■ **EXERCISE INSTRUCTIONS**:
Reproduce the following data exactly, minus any images.
---- RECORDED DATA
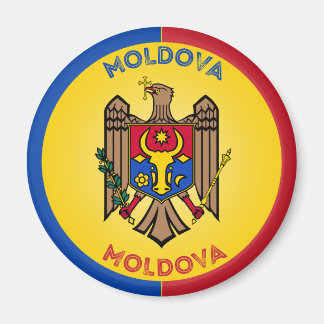 Moldawien-Erbe-Emblem Magnet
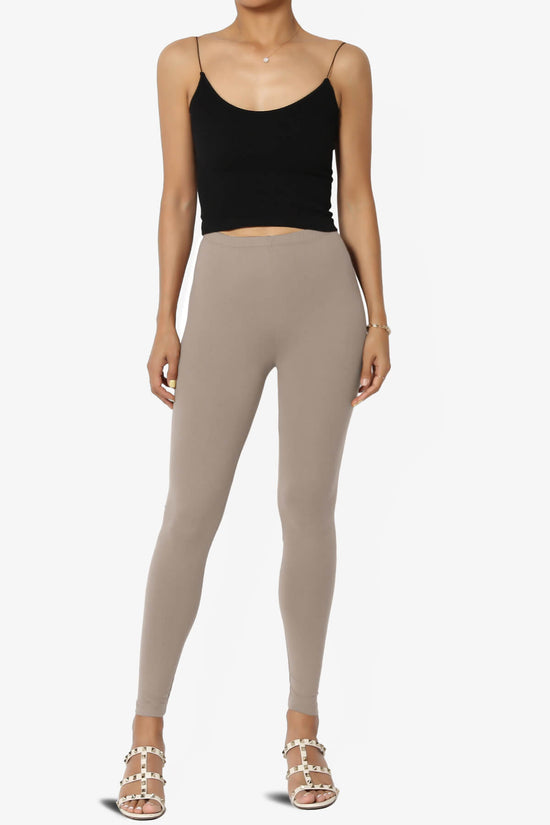 Loreen High Rise Microfiber Ankle Leggings LIGHT MOCHA_6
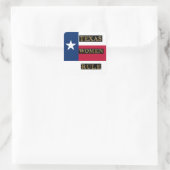 TEXAS FRAUENREGEL QUADRATISCHER AUFKLEBER (Tasche)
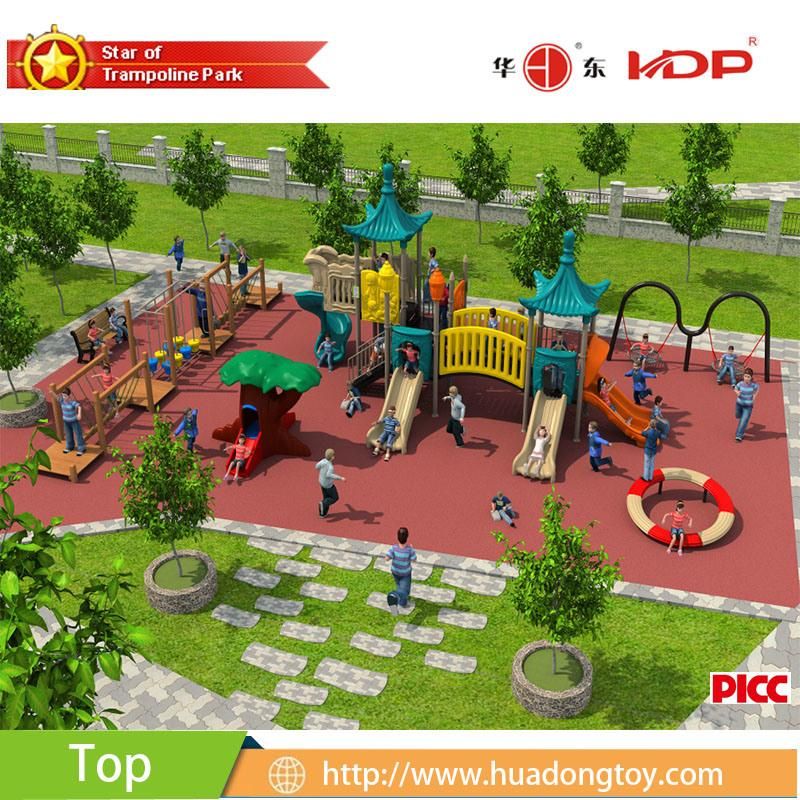 New Design Fable Series Large Kids Plastic Castle Outdoor Playground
--------
■ **EXERCISE ANSWER**:
 Moldawien-Erbe-Emblem Magnet
 Loreen High Rise Microfiber Ankle Leggings LIGHT MOCHA_6
 TEXAS FRAUENREGEL QUADRATISCHER AUFKLEBER (Tasche)
 New Design Fable Series Large Kids Plastic Castle Outdoor Playground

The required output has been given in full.